> Task prompt
If pictures appear in the lines below, skip them and copy exactly the lines from the one containing "Kadın Oversize Kaşe" through the one containing "2017 Cadillac XT5 Luxury AWD", and nothing else.

> Source data

━━━━━━━━━━━━━━━━━━━━

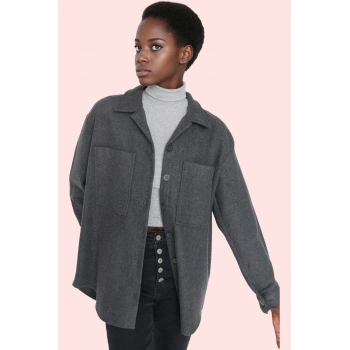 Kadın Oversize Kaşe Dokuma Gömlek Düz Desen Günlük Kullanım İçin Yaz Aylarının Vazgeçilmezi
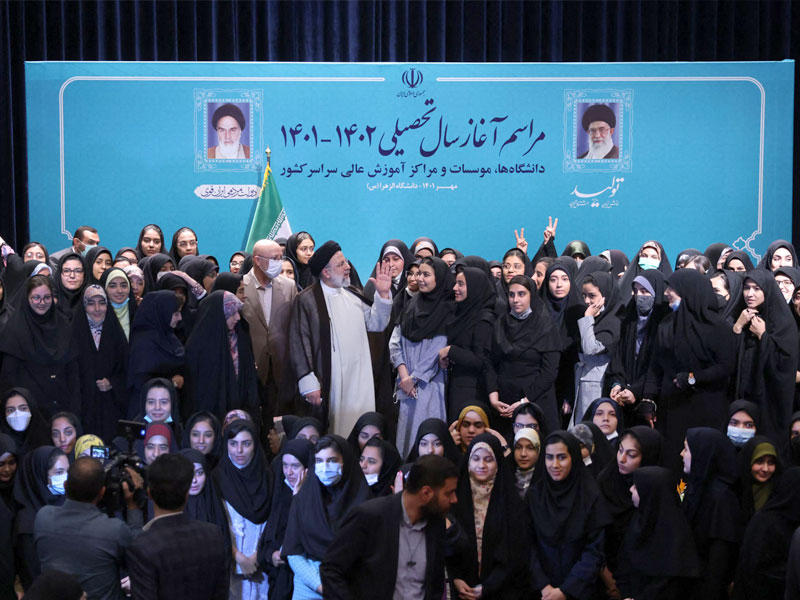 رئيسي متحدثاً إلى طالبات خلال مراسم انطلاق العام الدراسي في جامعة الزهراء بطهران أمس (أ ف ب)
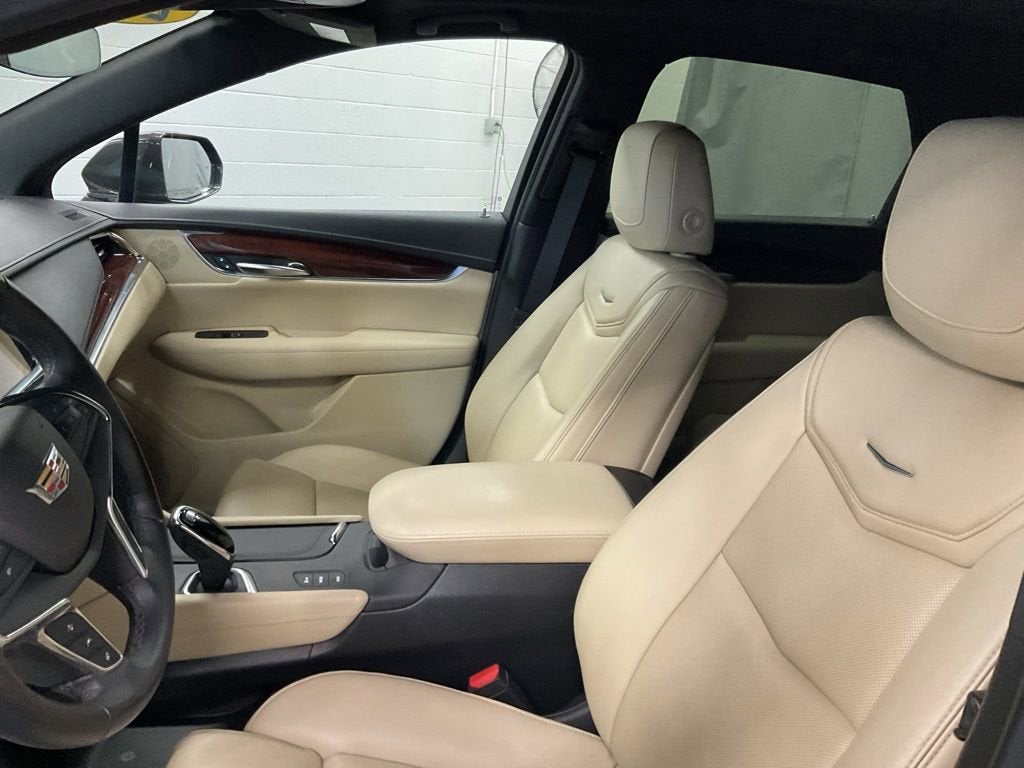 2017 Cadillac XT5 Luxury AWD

━━━━━━━━━━━━━━━━━━━━

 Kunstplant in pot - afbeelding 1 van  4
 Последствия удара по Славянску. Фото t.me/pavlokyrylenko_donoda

━━━━━━━━━━━━━━━━━━━━

> Reply
 Kadın Oversize Kaşe Dokuma Gömlek Düz Desen Günlük Kullanım İçin Yaz Aylarının Vazgeçilmezi
 رئيسي متحدثاً إلى طالبات خلال مراسم انطلاق العام الدراسي في جامعة الزهراء بطهران أمس (أ ف ب)
 2017 Cadillac XT5 Luxury AWD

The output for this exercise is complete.